Ewloe Castle (Castell Ewloe) is a native Welsh castle built by the Kingdom of Gwynedd near the village of Ewloe in Flintshire, Wales. The castle, which was one of the last fortifications to be built by the native Princes of Wales, was abandoned at the beginning of the invasion of Wales by Edward I in 1277. Using locally quarried sandstone, its construction appears to have continued piecemeal over many years and may have not been completed. On taking the castle, the English Crown gave it little military value and allowed it to fall into ruin.

Ewloe was sited on high ground within Tegeingl, a cantref in the lands of north-east Wales (Welsh Perfeddwlad). Standing near the Chester road, it maintained a strategic position near the Wales–England border. The castle is on a steeply sloped promontory within a forested valley. It overlooks the junction of two streams with higher ground to the south.

Ewloe Castle combines features from both motte-and-bailey and enclosure castles. An asymmetrical curtain wall—with parapets—encloses two courtyards. A rock-cut neck ditch defends the southern side of the castle. In the upper triangular inner ward is a D-shaped tower known as the "Welsh keep". This stands on a stone outcrop that forms the motte; it has a stone revetment around its base (a basic chemise). The lower outer ward is enclosed by two separate sections of wall that meet at a circular fortified tower, which stands upon a rocky knoll. As the curtain walls are not joined together, ladders would have had to be used to reach their parapets.

No gateways connected the inner ward to the outer courtyard. Access into Ewloe Castle was entirely via wooden ramps. The outer ward had several wooden buildings. An external defensive rampart occupies the higher ground to the south of the castle above the neck ditch.

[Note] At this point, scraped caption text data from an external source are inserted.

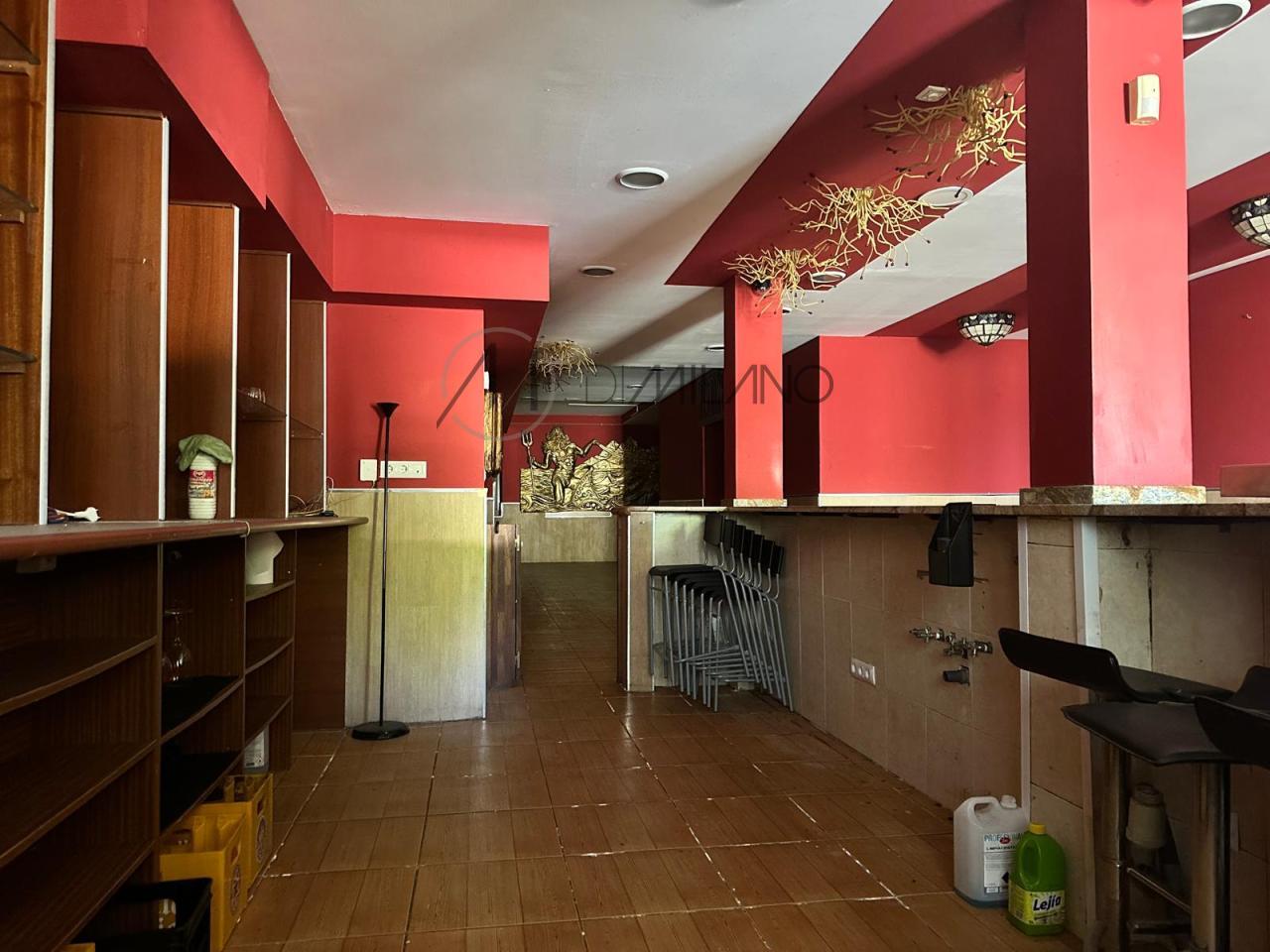 Bajo comercial en el Paseo Marítimo de Vigo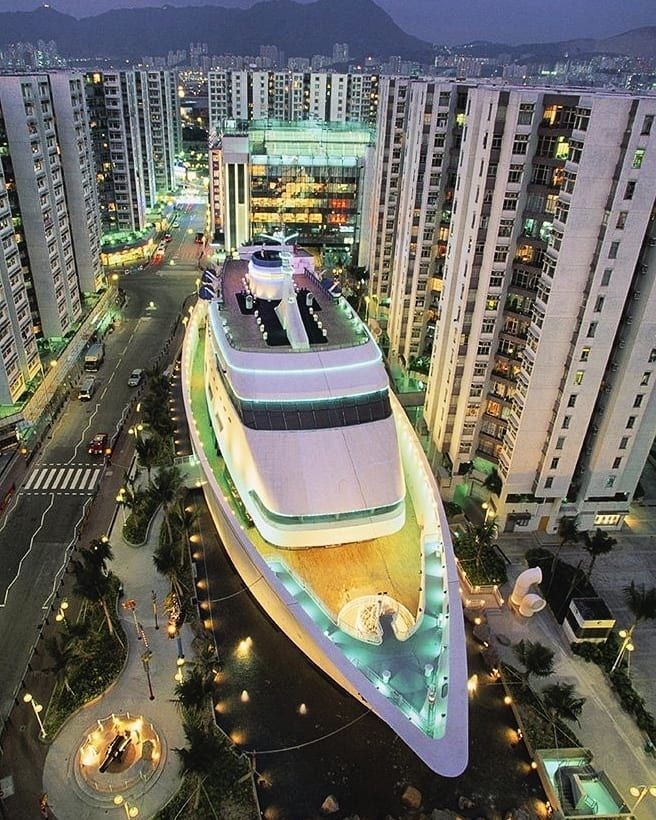 Loď v Hongkongu ukrývá nákupní centrum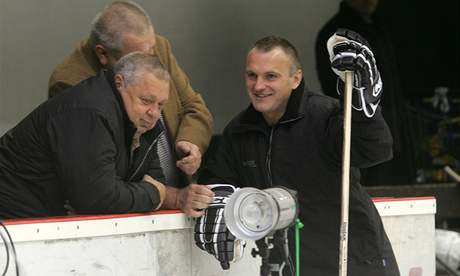 V zái reflektor. Nový trenér litvínovských hokejist Robert Reichel (vpravo) se baví se svým realizaním týmem ped focením na plakát.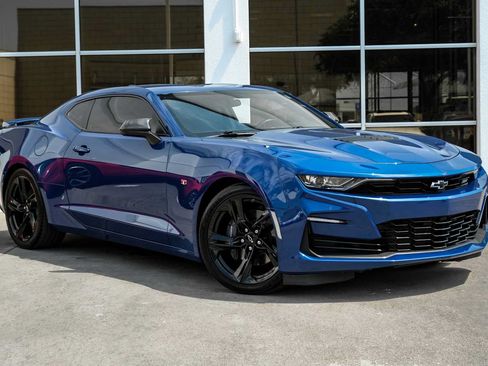 Used 2021 Chevrolet Camaro SS RWD image 6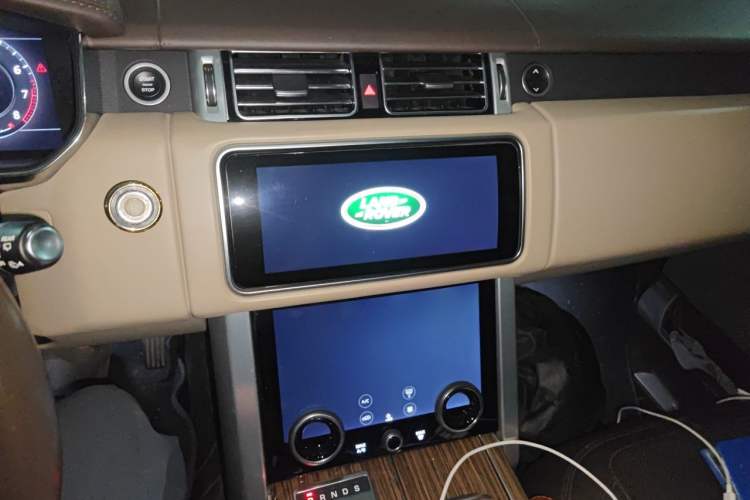 Used Land Rover Range 2018 3.0 SC V6 Vogue Legacy Edition Audio And AC Panel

Within the inner ward is a D-shaped (or horseshoe-shaped) tower known as the "Welsh Keep". Although a flight of stairs leads up to a first-floor gateway—a similarity shared with contemporary military architecture, the shape of the tower does not conform with keeps of the later Plantagenet period. D-shaped towers usually projected out from a wall or gatehouse but at Ewloe, the castle builders placed the tower/keep on a motte in the upper ward surrounded by its curtain wall. This feature has precedence in Welsh military architecture. Llywelyn the Great built a similar D-shaped tower at Castell y Bere at Llanfihangel-y-Pennant in Gwynedd in the 1220s.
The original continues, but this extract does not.